I, having an OCD streak in me, have been scouring the internets for images and pricing for these items.  But with a wedding coming up and irregular employment, the prospect of spending this kind of cash is out of reach.  For now I will just have to obsess.

Life Update :: 4.20

Do people who smoke out really need a day to "celebrate" that fact?  Are they some kind of persecuted group of people?  Is it an opportunity for them to do something different than what they normally do?

The answers to these questions are no.

It was mentioned to me earlier today that today is cough–National Pot Smoker's Day–cough.  Like I said, I don't think they need a day, but where would such a statement be made, you ask.  Well, at work.  That's right, I got a job.

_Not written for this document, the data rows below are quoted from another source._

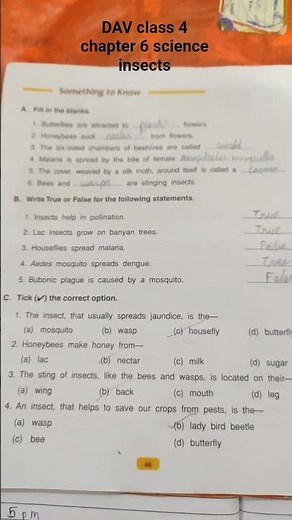 DAV class 4 science chapter 6 insects #cbsc #MCQ #flute #ytshorts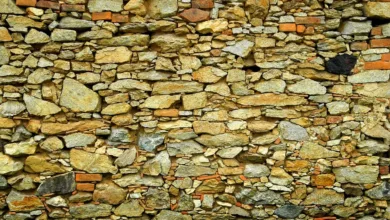 Ethereum als neue Finanzarchitektur: Wall Street setzt klar auf die Blockchain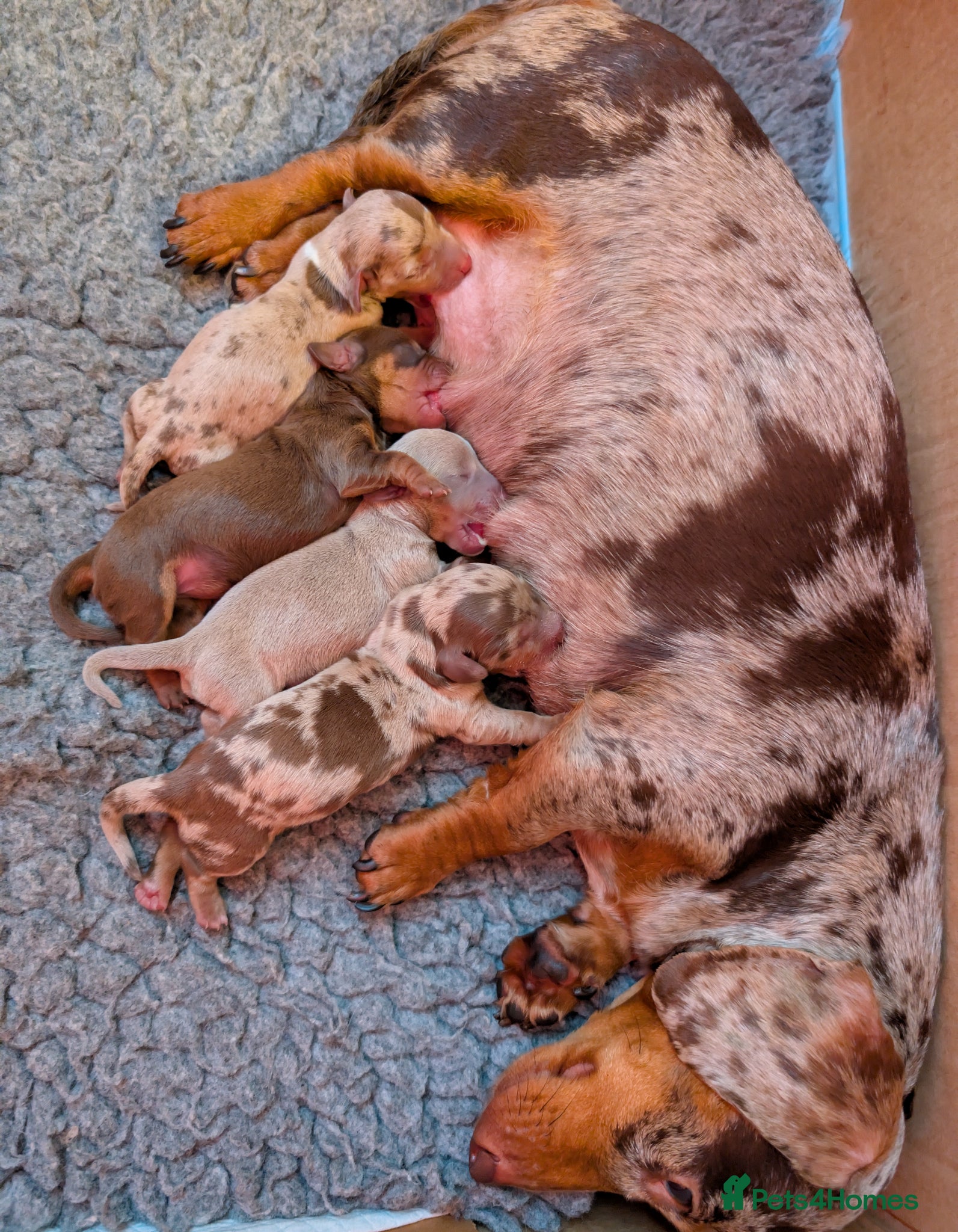 Miniature Dachshund dogs KC reg Miniature Dachshund long and short haired  - Advert 2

I'm working at Rooster crepe. sandwich. cafe. in the kitchen.  I'm one of two people that can actually make the crepes.  Probably because making crepes in the first place is a mistake.  I take a very runny egg-based batter and pour it onto a hot surface with no lip and spread it out quickly enough so that it spreads all the way to the edges, but not so fast that it doesn't have time to set before I get to the edge.  It took me about two days to get the rhythm, but I can now make three at a time and get about 90 done in 45 minutes.  Other than "spinning" the crepes, I also assemble the crepes when they are ordered.  Overall, it's a pretty easy job.  I gets stressful on Saturdays when we have over 300 crepes, alone, ordered from 8:30-2:00.  It's a lot of controlled movement, thinking fast, doing it correctly.

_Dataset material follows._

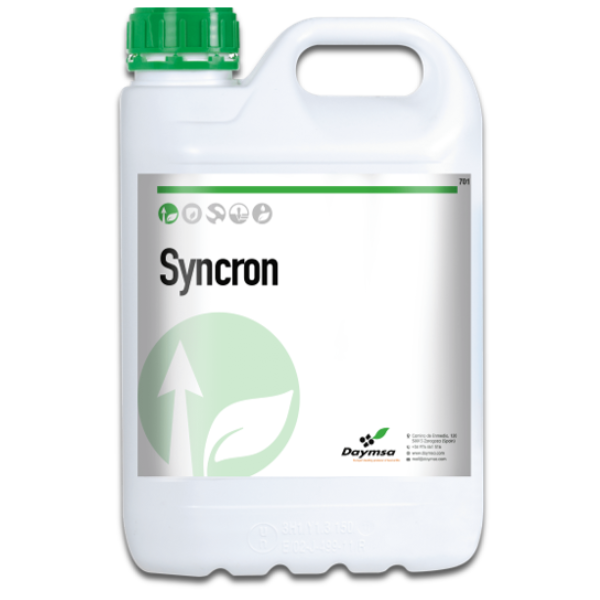 Syncron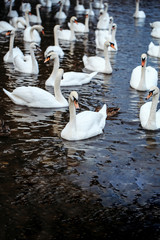 Obraz premium Mute swans and ducks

Ministry is going well too.  I'm still being challenged and encouraged by Mike and Phil, which I would expect nothing less.  I'm being more proactive in pursuing people on Sunday mornings, those who I haven't seen at City Church before, finding out their stories and sharing some of mine as well.  I tend to find the people that have just moved to the Lou and so I have a quick connecting point with them.  For others, I just make stuff up and hope for the best.  I'm kidding, of course.  Or. Am. I?

I'm connecting with quite a few of my neighbors also.  I hung out with the guys upstairs on Saturday while they smoked three racks of ribs and two pork shoulders.  Glorious smoked meats.  We watched the Cards game, which I've decided has to happen, just as I would watch fútbol in Costa Rica.  Of course, this is the 6 hour and 53 minute game making it a real stretch for me to care the extra 11 innings.  A lot of things can happen during that amount of time.  One thing of interest is Hailey deciding to try out flying and jumping out a two story window.  Thankfully, one of my neighbors, the smoker–of meats, not grass–caught her and she's none-the-worse.

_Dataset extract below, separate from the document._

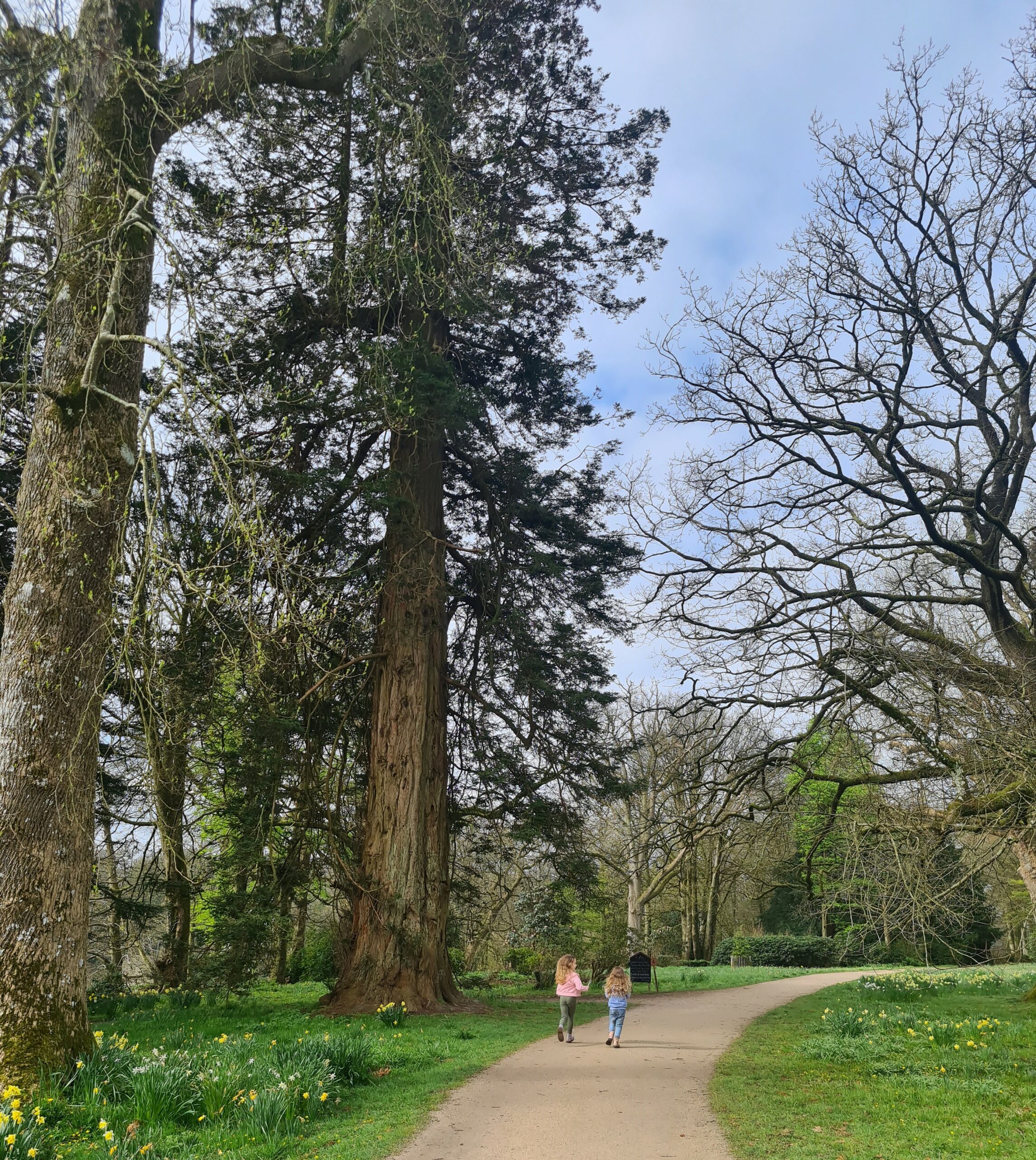 AdventWord 2022: Wilderness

I'm exploring Saint Louis as much as I can also.  On Friday I went to Farmhaus, a new restaurant which focuses on local ingredients and classes up some of the homey classics: meat pie with chorizo gravy, bacon-wrapped meatloaf with a BBQ glaze, fish and potatoes.  They do their own charcuterie also, which makes me happy.  Yesterday I was looking for a particular herb and went to Produce Row, which seems to be the landing spot of all the produce that gets to Saint Louis.  It was pretty impressive.

I was also welcomed to Saint Louis last week when my car was broken into.  Nothing was taken, but they smashed my window.  Got it fixed quickly and all is well.

Lately the freshness of Christ has been on my mind also.  How I often don't place my identity in him and what it looks like to do so.  How just as in the Old Testament, God sits on the throne in the tabernacle, God's right place in my life is sitting on the throne of my heart.  I often forget that and snap at people "trying" to help me on the phone, but quickly remember that I have been extended grace and so should they.  Still there are other times when I don't remember and I can only hope for more grace on my part from those around me.

Still hoping to return to Chicago to plant, so if you know anyone that wants to do that, send them my way.  Right now, however, I'm building relationships where I am and enjoying my time in Saint Louis and trying to keep my smoking relegated to meat alone.